Donnerstag, 23. Juni 2016

Krise der Predigt? Irritierndes dazu

">Vorlesung im Messgewand<- so nennen Seminaristen vor einigen Jahren die Predigten der Jesuiten in der Sankt Georgener Gottesdiensten. Ob zu Recht oder zu Unrecht- man kritisiert die Predigten als abstrakt-akademisch,belehrend und zu lang." Klaus Vechtel SJ, Die Predigt der ersten Jesuiten, in: Jesuiten 2016/2 S.2. Aber schon 1796 konnte ein englischer Schriftsteller urteilen,daß für die allermeisten Gottesdienstbesucher gälte:"so hätte besagte Predigt ebensowohl zur Gänze wegbleiben können, ohne daß man darob enttäuscht gewesen, ja solches Fehlens überhaupt innegeworden wäre." M.G. Lewis, Der Mönch, übersetzt von: F.Polakovics, 1986, S.14.  Als einzig interessierte Predigthörer werden in diesem Roman ausgemacht: "So kam`s, daß die einzigen Menschen, die in Wahrheit dem Kanzelworte lauschen wollten, sich aus ein paar runzlig- vertrockneten Betschwestern zusammmensetzten sowie aus einem Halbdutzend mißgünstiger Prediger, welche bloß von dem Wunsch beseelt waren, in dem Sermone, den sie da hören sollten, den oder jenen Fehler zu entdecken und die Schale des Spotts darüber auszugießen." (Der Mönch, S.13f). 
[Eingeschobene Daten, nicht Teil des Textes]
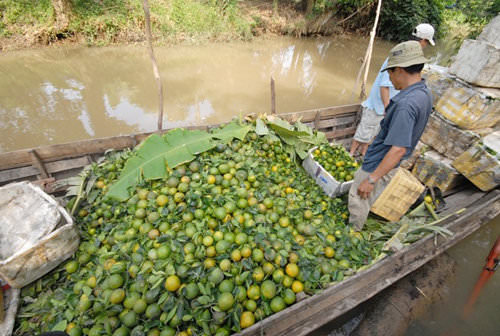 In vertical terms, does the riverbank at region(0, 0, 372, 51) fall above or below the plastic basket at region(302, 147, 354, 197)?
Result: above

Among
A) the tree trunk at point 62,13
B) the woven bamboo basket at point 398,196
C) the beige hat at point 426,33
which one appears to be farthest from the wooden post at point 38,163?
the tree trunk at point 62,13

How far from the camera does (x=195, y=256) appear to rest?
1.96 m

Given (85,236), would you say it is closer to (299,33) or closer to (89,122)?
(89,122)

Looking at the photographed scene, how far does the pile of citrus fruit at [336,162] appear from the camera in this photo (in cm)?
337

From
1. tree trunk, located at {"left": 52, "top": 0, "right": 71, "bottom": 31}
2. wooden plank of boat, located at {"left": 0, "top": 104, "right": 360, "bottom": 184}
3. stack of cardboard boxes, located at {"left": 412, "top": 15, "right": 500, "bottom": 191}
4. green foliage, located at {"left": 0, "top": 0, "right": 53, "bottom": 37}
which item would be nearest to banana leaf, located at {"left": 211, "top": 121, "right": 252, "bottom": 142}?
wooden plank of boat, located at {"left": 0, "top": 104, "right": 360, "bottom": 184}

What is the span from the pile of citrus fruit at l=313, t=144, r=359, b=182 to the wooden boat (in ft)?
2.53

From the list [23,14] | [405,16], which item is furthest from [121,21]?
[405,16]

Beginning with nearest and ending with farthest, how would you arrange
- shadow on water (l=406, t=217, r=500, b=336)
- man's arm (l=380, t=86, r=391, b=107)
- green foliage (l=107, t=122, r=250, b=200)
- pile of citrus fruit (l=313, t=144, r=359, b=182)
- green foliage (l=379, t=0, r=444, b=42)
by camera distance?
green foliage (l=107, t=122, r=250, b=200) < shadow on water (l=406, t=217, r=500, b=336) < pile of citrus fruit (l=313, t=144, r=359, b=182) < man's arm (l=380, t=86, r=391, b=107) < green foliage (l=379, t=0, r=444, b=42)

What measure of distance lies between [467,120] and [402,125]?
2424 millimetres

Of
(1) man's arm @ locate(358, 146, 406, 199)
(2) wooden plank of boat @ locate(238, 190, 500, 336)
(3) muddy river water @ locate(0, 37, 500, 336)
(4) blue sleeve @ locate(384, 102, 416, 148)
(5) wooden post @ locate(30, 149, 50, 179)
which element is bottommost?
(3) muddy river water @ locate(0, 37, 500, 336)

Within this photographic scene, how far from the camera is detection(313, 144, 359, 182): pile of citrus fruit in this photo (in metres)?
3.37

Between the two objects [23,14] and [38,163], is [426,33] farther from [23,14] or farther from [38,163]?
[23,14]

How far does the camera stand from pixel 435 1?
15562 mm

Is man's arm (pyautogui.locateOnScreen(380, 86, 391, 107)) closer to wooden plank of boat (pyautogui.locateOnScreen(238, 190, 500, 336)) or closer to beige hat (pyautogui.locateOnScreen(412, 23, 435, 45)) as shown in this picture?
beige hat (pyautogui.locateOnScreen(412, 23, 435, 45)) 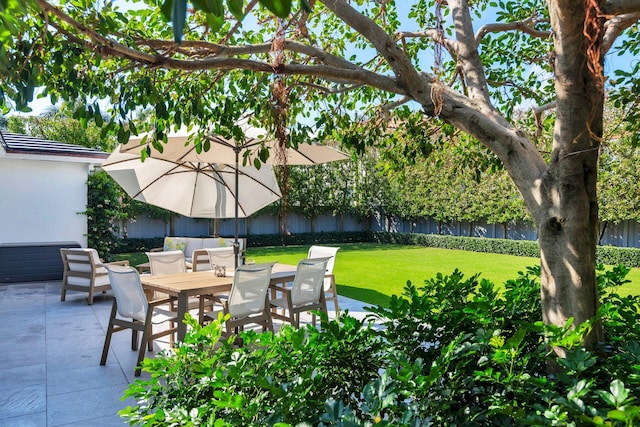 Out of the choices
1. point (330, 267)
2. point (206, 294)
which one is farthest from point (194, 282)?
point (330, 267)

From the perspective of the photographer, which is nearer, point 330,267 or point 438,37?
point 438,37

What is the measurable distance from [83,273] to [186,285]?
4.01 m

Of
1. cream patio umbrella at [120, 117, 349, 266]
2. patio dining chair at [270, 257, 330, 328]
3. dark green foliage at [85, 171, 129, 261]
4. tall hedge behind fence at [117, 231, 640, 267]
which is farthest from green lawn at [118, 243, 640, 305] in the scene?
dark green foliage at [85, 171, 129, 261]

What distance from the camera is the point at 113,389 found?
4.11m

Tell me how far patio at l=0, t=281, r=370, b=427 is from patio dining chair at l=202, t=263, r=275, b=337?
3.38 feet

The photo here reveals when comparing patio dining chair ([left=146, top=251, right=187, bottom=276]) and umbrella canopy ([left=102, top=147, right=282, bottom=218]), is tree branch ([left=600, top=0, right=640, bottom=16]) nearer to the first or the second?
umbrella canopy ([left=102, top=147, right=282, bottom=218])

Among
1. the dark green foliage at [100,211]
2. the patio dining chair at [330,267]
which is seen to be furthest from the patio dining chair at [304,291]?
the dark green foliage at [100,211]

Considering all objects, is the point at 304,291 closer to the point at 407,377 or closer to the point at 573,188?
the point at 573,188

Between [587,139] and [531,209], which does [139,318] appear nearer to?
[531,209]

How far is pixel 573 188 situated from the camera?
7.21ft

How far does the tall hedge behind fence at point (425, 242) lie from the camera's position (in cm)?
1436

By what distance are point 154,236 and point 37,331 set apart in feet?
44.6

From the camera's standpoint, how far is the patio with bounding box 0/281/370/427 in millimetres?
3611

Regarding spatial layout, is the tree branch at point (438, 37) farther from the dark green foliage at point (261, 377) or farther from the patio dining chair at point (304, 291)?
the patio dining chair at point (304, 291)
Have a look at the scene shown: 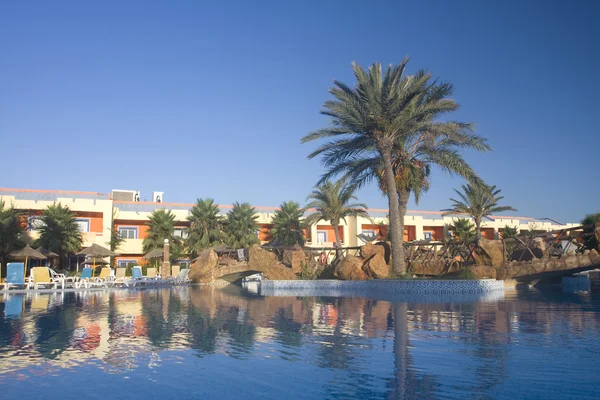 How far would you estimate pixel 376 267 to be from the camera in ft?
63.0

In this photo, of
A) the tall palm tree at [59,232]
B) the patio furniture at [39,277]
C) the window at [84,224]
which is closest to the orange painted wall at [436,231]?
the window at [84,224]

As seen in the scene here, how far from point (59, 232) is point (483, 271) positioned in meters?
25.5

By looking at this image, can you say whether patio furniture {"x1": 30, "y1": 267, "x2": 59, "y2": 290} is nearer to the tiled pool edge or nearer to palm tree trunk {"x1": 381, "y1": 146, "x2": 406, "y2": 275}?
the tiled pool edge

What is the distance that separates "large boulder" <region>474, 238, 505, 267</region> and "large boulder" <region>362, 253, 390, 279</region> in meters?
3.82

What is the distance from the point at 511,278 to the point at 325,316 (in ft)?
38.9

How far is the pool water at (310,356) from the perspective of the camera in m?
4.68

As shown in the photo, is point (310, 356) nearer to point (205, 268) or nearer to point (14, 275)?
point (14, 275)

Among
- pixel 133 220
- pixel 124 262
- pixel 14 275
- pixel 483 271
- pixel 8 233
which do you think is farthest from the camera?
pixel 133 220

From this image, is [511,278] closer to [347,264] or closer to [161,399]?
[347,264]

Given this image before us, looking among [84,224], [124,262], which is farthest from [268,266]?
[84,224]

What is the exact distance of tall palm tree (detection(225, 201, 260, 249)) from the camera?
1423 inches

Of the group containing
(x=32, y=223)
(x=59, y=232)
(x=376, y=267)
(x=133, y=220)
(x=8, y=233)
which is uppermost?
(x=133, y=220)

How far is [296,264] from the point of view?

War das 2. Vaticanum eben auch die angebliche Entdeckung des Wortes in der bisher zu einseitig auf das Sakramentale ausgerichteten Katholischen Kirche, und erwartete man sich nun vom Wandel der Katholischen Kirche des Sakramentes zur Kirche des Wortes und des Sakramentes, der Lutherischen "Kirche" in gemeinsamer Abgrenzung zur Reformierten Kirche, die nur die Kirche des Wortes ist, Großes- wir entdecken die Predigt neu- so scheint jetzt das Predigen zu einer mühseligen Pflichtaufgabe für den Gemeindepfarrer sich reduziert zu haben, von der selbst die Kirche kaum noch etwas erwartet.  
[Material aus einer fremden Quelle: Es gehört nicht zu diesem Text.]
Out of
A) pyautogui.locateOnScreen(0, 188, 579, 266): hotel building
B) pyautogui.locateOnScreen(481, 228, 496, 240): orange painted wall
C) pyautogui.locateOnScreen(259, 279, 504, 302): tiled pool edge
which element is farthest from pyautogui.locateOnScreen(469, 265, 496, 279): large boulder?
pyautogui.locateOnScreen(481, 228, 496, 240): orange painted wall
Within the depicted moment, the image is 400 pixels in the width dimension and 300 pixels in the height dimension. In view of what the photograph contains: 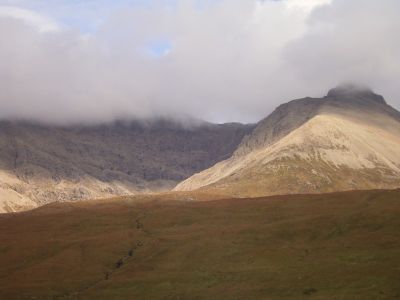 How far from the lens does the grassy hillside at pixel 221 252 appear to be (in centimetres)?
7469

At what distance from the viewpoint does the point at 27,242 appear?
121 meters

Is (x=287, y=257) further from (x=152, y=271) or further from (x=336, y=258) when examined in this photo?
(x=152, y=271)

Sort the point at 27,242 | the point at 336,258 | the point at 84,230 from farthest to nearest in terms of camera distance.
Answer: the point at 84,230
the point at 27,242
the point at 336,258

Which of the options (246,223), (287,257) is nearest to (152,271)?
(287,257)

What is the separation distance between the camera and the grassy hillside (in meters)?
74.7

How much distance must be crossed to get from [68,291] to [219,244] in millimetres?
26888

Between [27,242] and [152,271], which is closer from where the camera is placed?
[152,271]

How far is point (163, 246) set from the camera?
350 feet

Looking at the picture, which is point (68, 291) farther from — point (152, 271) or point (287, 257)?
point (287, 257)

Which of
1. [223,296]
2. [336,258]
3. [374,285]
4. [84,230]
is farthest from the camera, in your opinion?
[84,230]

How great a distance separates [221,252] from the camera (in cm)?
9719

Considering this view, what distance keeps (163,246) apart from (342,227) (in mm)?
30156

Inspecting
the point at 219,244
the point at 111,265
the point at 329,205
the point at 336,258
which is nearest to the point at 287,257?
the point at 336,258

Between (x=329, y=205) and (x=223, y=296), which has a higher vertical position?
(x=329, y=205) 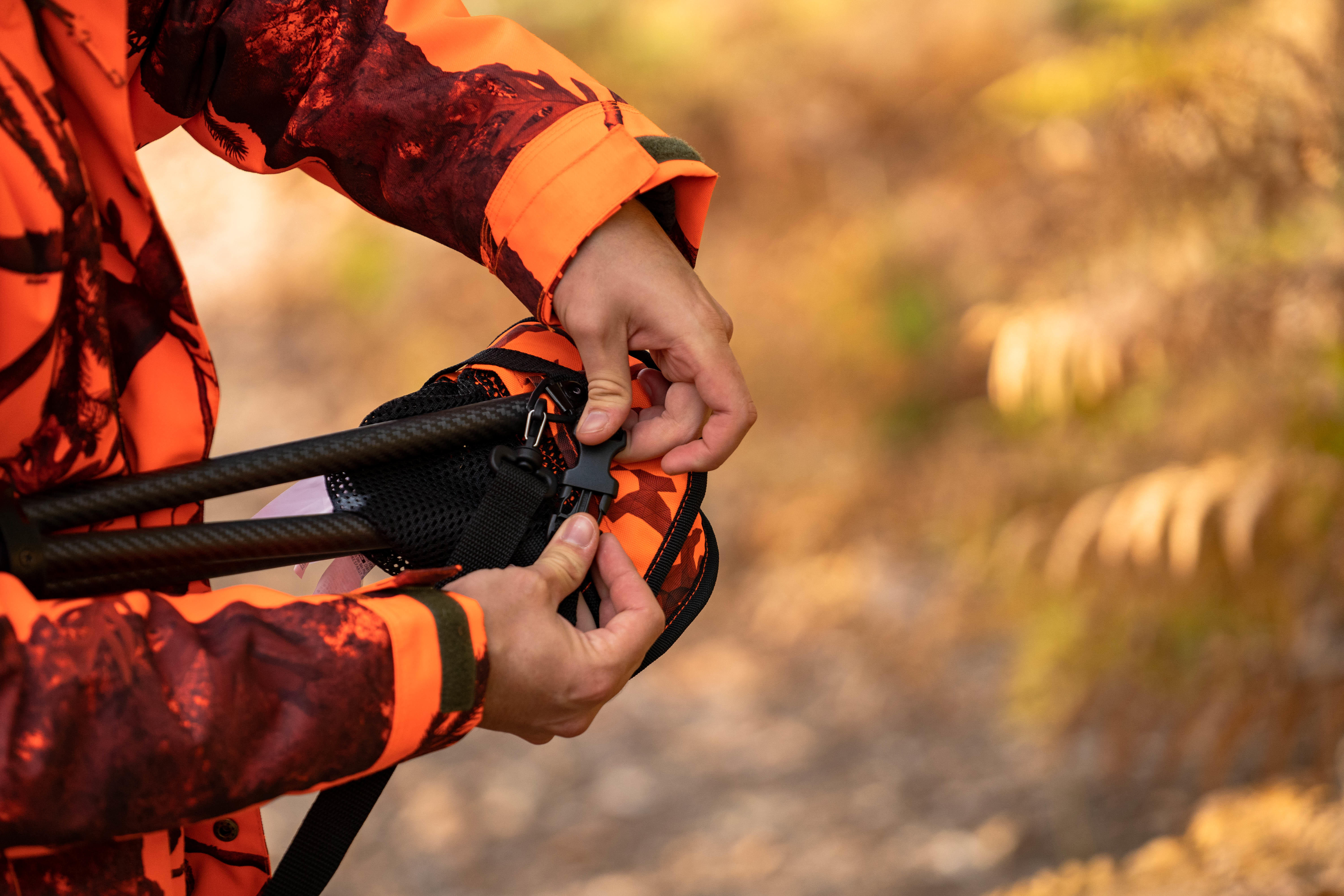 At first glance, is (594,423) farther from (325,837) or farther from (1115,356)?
(1115,356)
Liest man daraufhin das Alte Testament hin, stößt man unweigerlich auf etwas uns irritieren Müssendes. Im Kult gab es gar keine Predigt. Priester bringen Gott Opfer dar, sie befragen Gott in Orakeldeutungen, sie segnen und weihen, sie salben...nur gepredigt wird nicht- sie beten und opfern.Es ist zu vermuten, daß erst im babylonischen Exil die Predigt im Gottesdienst aufkam, genau dann als die exilierten Priester nicht mehr opfern konnten, weil Gott selbst den Jerusalemer Tempel als einzig legitimen Ort seiner kultischen Verehrung bestimmt hatte. Nun, im Exil, galt es, den Exilierten ihre Lage zu erklären: Warum strafte unser Gott uns so, daß wir jetzt Exilierte sind und was für eine Hoffnung gibt es noch für uns? Das kann als die Grundlage des Gottesdienstes der Synagoge angesehen werden. Davon zu unterscheiden ist die prophetische Rede, die von von Gott direkt Berufenenen gehalten wurde in der Regel außerhalb des Kultes.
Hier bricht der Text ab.